To create the root user

  1. Create a user to be the root account, as shown in the following code. In this example, we call that user root.

    Copy
    use admin db.createUser( { user: "root", pwd: "rootpass", roles: [ { role: "root", db: "admin" } ] } )
  2. Stop mongod.

  3. Restart mongod using the following command:

    Copy
    mongod --replSet "rs0" --auth
  4. Test that the operations log is readable using the following commands:

    Copy
    mongo localhost/admin -u root -p rootpass mongo --authenticationDatabase admin -u root -p rootpass
  5. If you are unable to read from operations log, run the following command:

    Copy
    rs.initiate();

The final requirement to use CDC with MongoDB is to set the extractDocID parameter. Set the extractDocID parameter to true to create a second column named "_id" that will act as the primary key.

Security Requirements When Using MongoDB as a Source for AWS Database Migration Service

AWS DMS supports two authentication methods for MongoDB. The two authentication methods are used to encrypt the password, so they are only used when the authType parameter is set to password.

The MongoDB authentication methods are:

  • MONOGODB-CR — the default when using MongoDB 2.x authentication.

  • SCRAM-SHA-1 — the default when using MongoDB version 3.x authentication.

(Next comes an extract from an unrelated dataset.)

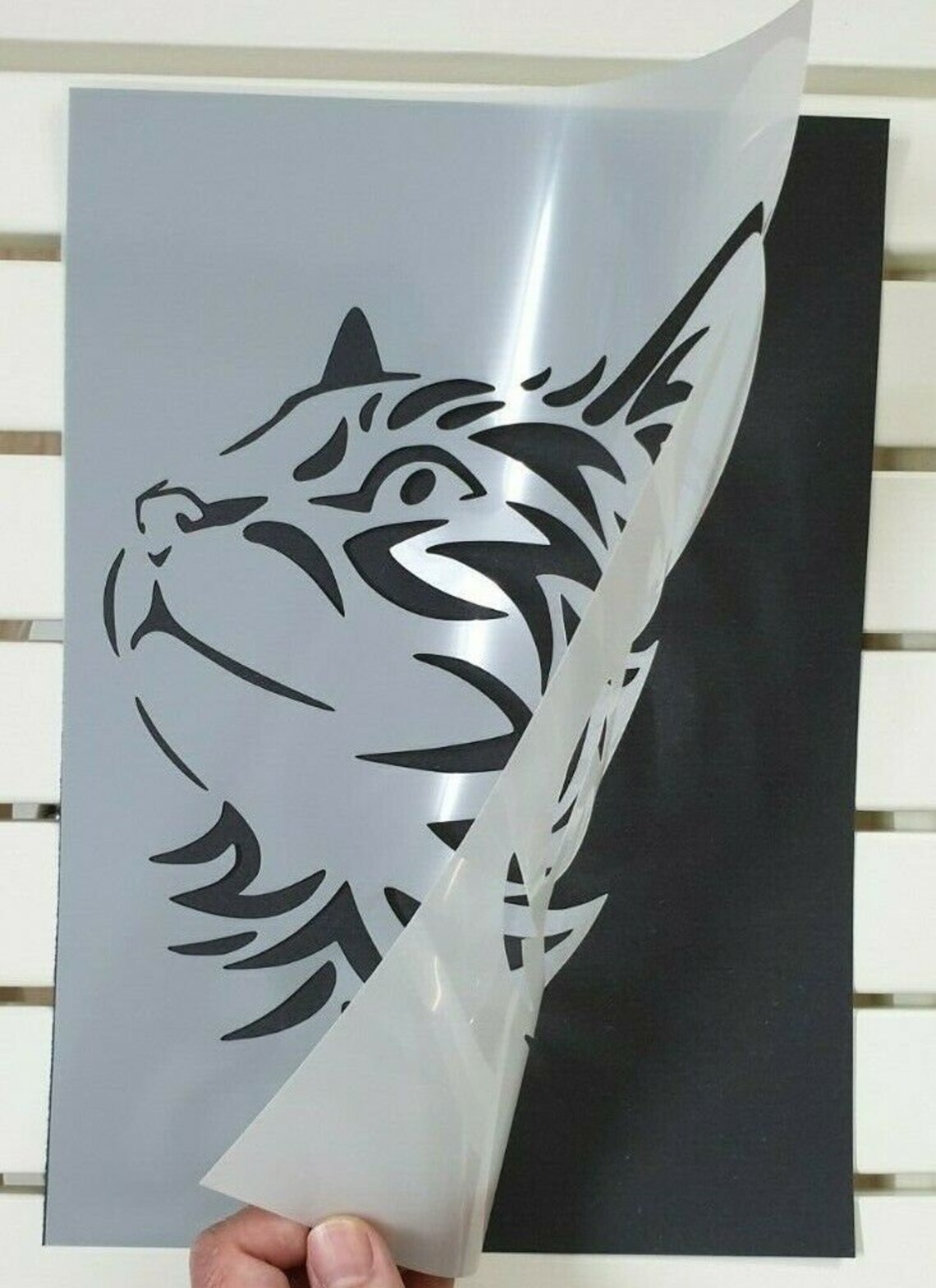 Large Cute Tribal Cat Face Stencil Mylar Plastic 190mic A4 | Etsy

If an authentication method is not specified, AWS DMS uses the default method for the version of the MongoDB source. The two authentication methods are used to encrypt the password, so they are only used when the authType parameter is set to password.

Limitations When Using MongoDB as a Source for AWS Database Migration Service

The following are limitations when using MongoDB as a source for AWS DMS:

  • When the extractDocID parameter is set to true, the ID string cannot exceed 200 characters.

  • The MongoDB parameter ObjectId is a string with a limit of 200 characters. It includes the JSON structure of the id object: { "_id" : { "$oid" : "581730b9e85de3f180fd571e" } } and is used as the primary key in the target database.

  • Collection names cannot include the dollar symbol ($).

  • Secondary nodes cannot be used as source endpoints.

Configuration Properties When Using MongoDB as a Source for AWS Database Migration Service

When you set up your MongoDB source endpoint, you can specify additional configuration settings attributes. Attributes are specified by key-value pairs and separated by semicolons. For example, the following code specifies that user name and password are not used for authentication, and that table mode is used.

The following table describes the configuration properties available when using MongoDB databases as an AWS Database Migration Service source database.

Attribute Name Valid Values Default Value and Description

authType

NO

PASSWORD

PASSWORD – When NO is selected, user name and password parameters are not used and can be empty.

authMechanism

DEFAULT

MONGODB_CR

SCRAM_SHA_1

DEFAULT – For MongoDB version 2.x, use MONGODB_CR. For MongoDB version 3.x, use SCRAM_SHA_1. This attribute is not used when authType=No.

nestingLevel

NONE

ONE

NONE – Specify NONE to use document mode. Specify ONE to use table mode.

extractDocID

true

false

false – Use this attribute when nestingLevel is set to NONE.

docsToInvestigate

A positive integer greater than 0.

1000 – Use this attribute when nestingLevel is set to ONE.

authSource

A valid MongoDB database name.

admin – This attribute is not used when authType=No.